■ **THE PROBLEM**:
Look below for the line holding "Trabajar en coordinación" and the line holding "Read more about". Transcribe exactly those lines and all lines between them, nothing more.

Stored dataset items
-=-=-=-=-

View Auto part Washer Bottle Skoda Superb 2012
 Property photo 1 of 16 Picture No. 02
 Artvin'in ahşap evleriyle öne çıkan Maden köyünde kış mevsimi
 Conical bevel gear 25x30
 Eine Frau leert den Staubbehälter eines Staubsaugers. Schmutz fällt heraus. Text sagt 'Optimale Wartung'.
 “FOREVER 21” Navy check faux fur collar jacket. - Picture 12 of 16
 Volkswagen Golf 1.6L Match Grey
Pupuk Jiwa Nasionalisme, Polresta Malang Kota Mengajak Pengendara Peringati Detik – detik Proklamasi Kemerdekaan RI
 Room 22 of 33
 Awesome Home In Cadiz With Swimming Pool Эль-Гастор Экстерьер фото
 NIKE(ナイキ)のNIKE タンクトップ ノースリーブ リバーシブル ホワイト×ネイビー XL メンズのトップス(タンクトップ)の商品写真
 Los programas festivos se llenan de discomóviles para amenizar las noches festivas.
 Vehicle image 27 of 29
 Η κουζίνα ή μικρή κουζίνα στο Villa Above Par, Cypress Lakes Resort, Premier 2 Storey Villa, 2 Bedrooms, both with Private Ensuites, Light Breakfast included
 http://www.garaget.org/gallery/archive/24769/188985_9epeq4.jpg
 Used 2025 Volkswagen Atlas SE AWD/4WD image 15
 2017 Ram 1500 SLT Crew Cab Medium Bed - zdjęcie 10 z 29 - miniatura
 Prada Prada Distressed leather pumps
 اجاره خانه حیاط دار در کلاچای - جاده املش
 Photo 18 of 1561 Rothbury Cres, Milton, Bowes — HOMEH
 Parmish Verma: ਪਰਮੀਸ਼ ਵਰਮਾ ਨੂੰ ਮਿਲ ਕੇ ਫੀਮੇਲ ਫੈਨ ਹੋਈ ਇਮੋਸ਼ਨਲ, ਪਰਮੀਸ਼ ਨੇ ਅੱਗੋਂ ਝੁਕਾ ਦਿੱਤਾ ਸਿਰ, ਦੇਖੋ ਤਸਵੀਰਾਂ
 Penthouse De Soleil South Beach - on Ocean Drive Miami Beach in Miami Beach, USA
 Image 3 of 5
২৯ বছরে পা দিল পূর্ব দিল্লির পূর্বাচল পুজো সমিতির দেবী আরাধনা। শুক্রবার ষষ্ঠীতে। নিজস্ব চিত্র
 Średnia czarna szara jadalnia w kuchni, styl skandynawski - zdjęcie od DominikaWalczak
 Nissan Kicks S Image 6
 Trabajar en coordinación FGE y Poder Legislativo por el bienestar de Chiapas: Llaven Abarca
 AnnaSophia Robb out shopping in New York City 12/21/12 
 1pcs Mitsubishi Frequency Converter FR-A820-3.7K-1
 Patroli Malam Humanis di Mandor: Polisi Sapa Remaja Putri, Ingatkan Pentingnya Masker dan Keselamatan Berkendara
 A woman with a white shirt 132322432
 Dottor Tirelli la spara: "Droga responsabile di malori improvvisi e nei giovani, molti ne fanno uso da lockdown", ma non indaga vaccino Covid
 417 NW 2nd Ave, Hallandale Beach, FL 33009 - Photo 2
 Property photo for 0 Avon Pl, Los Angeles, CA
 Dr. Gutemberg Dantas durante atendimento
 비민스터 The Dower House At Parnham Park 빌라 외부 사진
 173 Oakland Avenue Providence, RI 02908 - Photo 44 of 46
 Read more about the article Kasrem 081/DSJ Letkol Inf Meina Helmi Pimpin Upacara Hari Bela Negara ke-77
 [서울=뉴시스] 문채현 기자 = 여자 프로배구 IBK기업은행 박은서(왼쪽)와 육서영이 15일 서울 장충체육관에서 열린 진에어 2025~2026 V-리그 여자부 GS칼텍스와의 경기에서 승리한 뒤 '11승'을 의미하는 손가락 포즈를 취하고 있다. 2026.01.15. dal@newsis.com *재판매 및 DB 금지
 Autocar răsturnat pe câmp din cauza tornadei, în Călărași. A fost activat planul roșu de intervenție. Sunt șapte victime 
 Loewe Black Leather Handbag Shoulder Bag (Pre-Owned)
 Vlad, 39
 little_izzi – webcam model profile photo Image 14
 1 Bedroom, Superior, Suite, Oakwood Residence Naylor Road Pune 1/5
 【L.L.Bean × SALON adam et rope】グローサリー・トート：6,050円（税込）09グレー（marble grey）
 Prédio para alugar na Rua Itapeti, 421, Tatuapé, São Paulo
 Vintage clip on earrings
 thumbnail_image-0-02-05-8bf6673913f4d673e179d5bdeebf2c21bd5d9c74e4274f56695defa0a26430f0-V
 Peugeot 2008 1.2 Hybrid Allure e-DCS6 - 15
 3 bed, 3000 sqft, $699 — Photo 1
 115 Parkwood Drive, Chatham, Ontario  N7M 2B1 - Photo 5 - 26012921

-=-=-=-=-

■ **ANSWER FOR THE TASK**:
 Trabajar en coordinación FGE y Poder Legislativo por el bienestar de Chiapas: Llaven Abarca
 AnnaSophia Robb out shopping in New York City 12/21/12 
 1pcs Mitsubishi Frequency Converter FR-A820-3.7K-1
 Patroli Malam Humanis di Mandor: Polisi Sapa Remaja Putri, Ingatkan Pentingnya Masker dan Keselamatan Berkendara
 A woman with a white shirt 132322432
 Dottor Tirelli la spara: "Droga responsabile di malori improvvisi e nei giovani, molti ne fanno uso da lockdown", ma non indaga vaccino Covid
 417 NW 2nd Ave, Hallandale Beach, FL 33009 - Photo 2
 Property photo for 0 Avon Pl, Los Angeles, CA
 Dr. Gutemberg Dantas durante atendimento
 비민스터 The Dower House At Parnham Park 빌라 외부 사진
 173 Oakland Avenue Providence, RI 02908 - Photo 44 of 46
 Read more about the article Kasrem 081/DSJ Letkol Inf Meina Helmi Pimpin Upacara Hari Bela Negara ke-77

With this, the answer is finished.